Karpenter is always disrupting node via drift after upgrading to 0.37.3 from #7049

ariretiarno · 2024-09-21T06:55:38Z

Description

Observed Behavior:
Karpenter is always disrupting node via drift, even consolidate configuration is expireAfter: Never and consolidateAfter: Never.
This issue is happen after i've upgrade from 0.32.10 to 0.37.3.

And it's happen to whole nodes in the cluster.

Logs


{"level":"INFO","time":"2024-09-20T09:31:25.580Z","logger":"controller","message":"disrupting via drift replace, terminating 1 nodes (1 pods) ip-172-31-125-79.ap-southeast-1.compute.internal/t3a.xlarge/on-demand and replacing with on-demand node from types t3a.xlarge","commit":"378e8b1","controller":"disruption","command-id":"a49138f2-51e9-4bb1-95b1-1973aa9d694f"}
--

Expected Behavior:
Karpenter should not disrupt node when i defined

disruption:
    expireAfter: Never
    consolidateAfter: Never

Reproduction Steps (Please include YAML):
Nodepoool

apiVersion: karpenter.sh/v1beta1
kind: NodePool
metadata:
  name: jenkins-master
spec:
  disruption:
    expireAfter: Never
    consolidateAfter: Never
  template:
    metadata: {}
    spec:
      nodeClassRef:
        name: default
      requirements:
      - key: karpenter.k8s.aws/instance-category
        operator: In
        values:
        - t
      - key: node.kubernetes.io/instance-type
        operator: In
        values:
        - t3a.xlarge
      - key: karpenter.k8s.aws/instance-generation
        operator: Gt
        values:
        - "2"
      - key: evermos.com/serviceClass
        operator: In
        values:
        - jenkins-master
      - key: karpenter.sh/capacity-type
        operator: In
        values:
        - on-demand
      - key: karpenter.k8s.aws/instance-cpu
        operator: In
        values:
        - "2"
        - "4"
      - key: kubernetes.io/arch
        operator: In
        values:
        - amd64
      - key: kubernetes.io/os
        operator: In
        values:
        - linux
      startupTaints:
      - effect: NoExecute
        key: node.cilium.io/agent-not-ready
        value: "true"
      taints:
      - effect: NoSchedule
        key: jenkins-master
        value: "true"

NodeClass

apiVersion: karpenter.k8s.aws/v1beta1
kind: EC2NodeClass
metadata:
  name: default
spec:
  amiFamily: AL2
  blockDeviceMappings:
  - deviceName: /dev/xvda
    ebs:
      encrypted: true
      volumeSize: 50Gi
      volumeType: gp3
  role: KarpenterNodeRole-evermos-dev
  securityGroupSelectorTerms:
  - tags:
      karpenter.sh/discovery: evermos-dev
  subnetSelectorTerms:
  - tags:
      Name: private-a-dev

Versions:

Chart Version: 0.37.3
Kubernetes Version (kubectl version): v1.28.12-eks-a18cd3a

Please vote on this issue by adding a 👍 reaction to the original issue to help the community and maintainers prioritize this request
Please do not leave "+1" or "me too" comments, they generate extra noise for issue followers and do not help prioritize the request
If you are interested in working on this issue or have submitted a pull request, please leave a comment

The text was updated successfully, but these errors were encountered:

rschalo · 2024-09-23T20:41:43Z

How often are you seeing drift occur?

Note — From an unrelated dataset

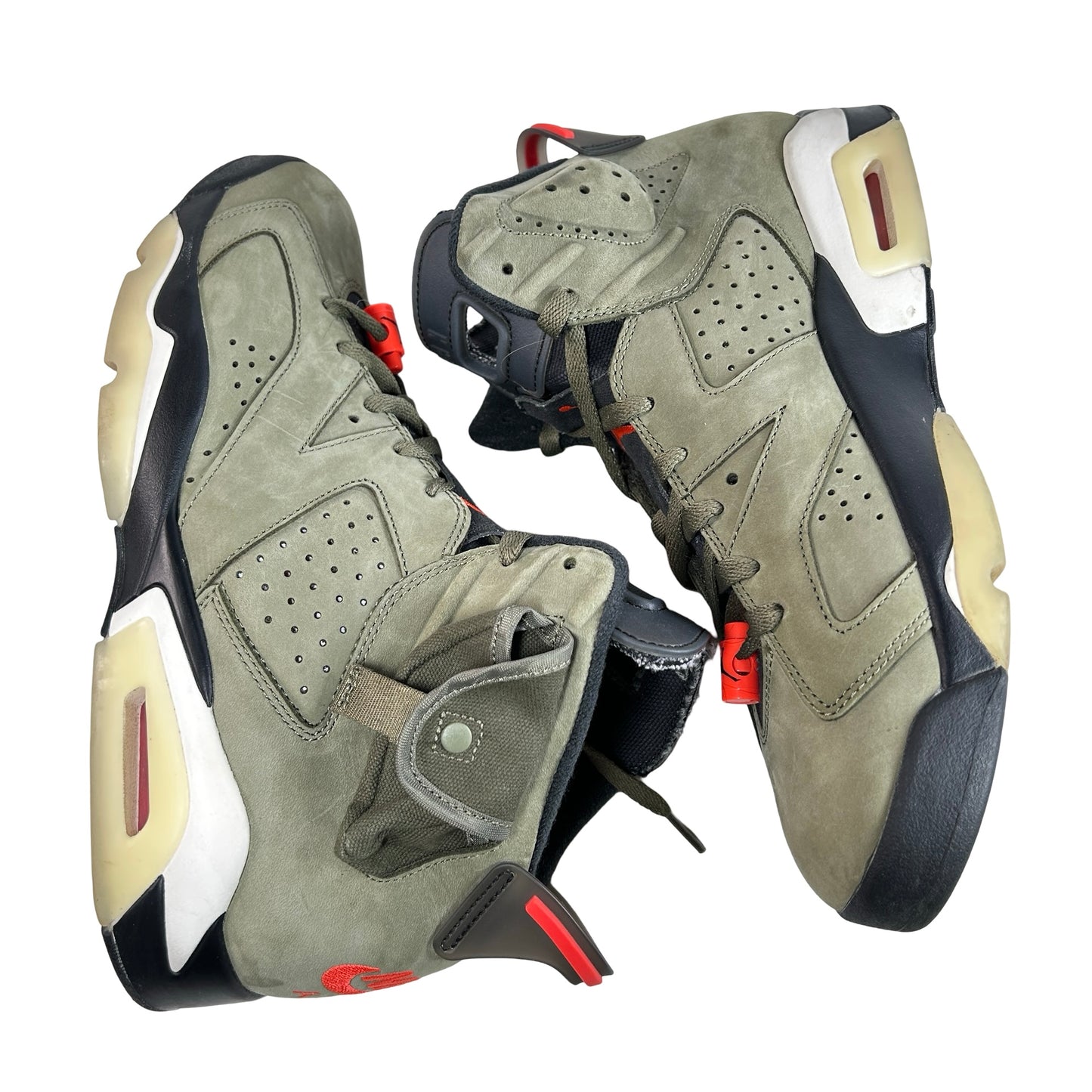 CN1084 200 Jordan 6 Retro Travis Scott [USED] - 12 M (Used4)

Also, do you have Karpenter logs from when drift occurred? Should see something generated from: https://github.com/kubernetes-sigs/karpenter/blob/v0.37.3/pkg/controllers/nodeclaim/disruption/drift.go#L82

ariretiarno · 2024-09-24T01:51:21Z

The drift event is happened every 24h and it's affected in whole nodes, even i don’t make any changes on nodepool/ec2nodeclass..
I'm using Loki and here is my query {app="karpenter"} |~ "disrupting" |~ "drift"

Anyway i didn’t found any related logs from this https://github.com/kubernetes-sigs/karpenter/blob/v0.37.3/pkg/controllers/nodeclaim/disruption/drift.go#L82

Is there any possibilities the logs is from this code? https://github.com/kubernetes-sigs/karpenter/blob/04a921c00ad837c5c82fe190f4b6c39f4dffe6fa/pkg/controllers/disruption/controller.go#L151
If so, from where the drift is coming from?

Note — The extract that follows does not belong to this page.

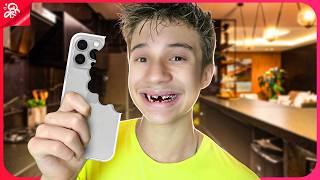 I ATE AN IPHONE 16 PRO MAX, SERIOUSLY!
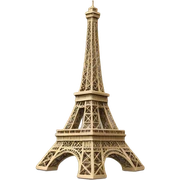 eiffel tower sticker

ariretiarno · 2024-09-24T07:45:22Z

anyway, on version 0.37.3 the drift is can be modified to disable/enable, but when i plan to upgrade to 1.0.0 the feature was dropped and cannot be disabled, so this is my concern when i upgrade karpenter to 1.0.0

lucasfnds · 2024-09-26T21:02:27Z

This problem is also occurring here.
This problem occurred on all my nodes, different nodeclasses and nodepools, in spot and on-demand nodes.

Chart Version: 0.37.0
Kubernetes Version (kubectl version): v1.30.3-eks-a18cd3a

karpenter-logs.log

ariretiarno · 2024-10-03T02:09:38Z

any updates @rschalo

jmdeal · 2024-10-03T16:50:10Z

The logs @rschalo was looking for are only available if you had debug logging enabled, it doesn't look like either of you did. Given both of your examples happened within close proximity to an eks-optimized AMI release, I suspect Nodes were drifted due to that. To know for sure we would either need to see debug logs, the status conditions on the drifted NodeClaims, or the reason from the karpenter_nodeclaims_drifted metric.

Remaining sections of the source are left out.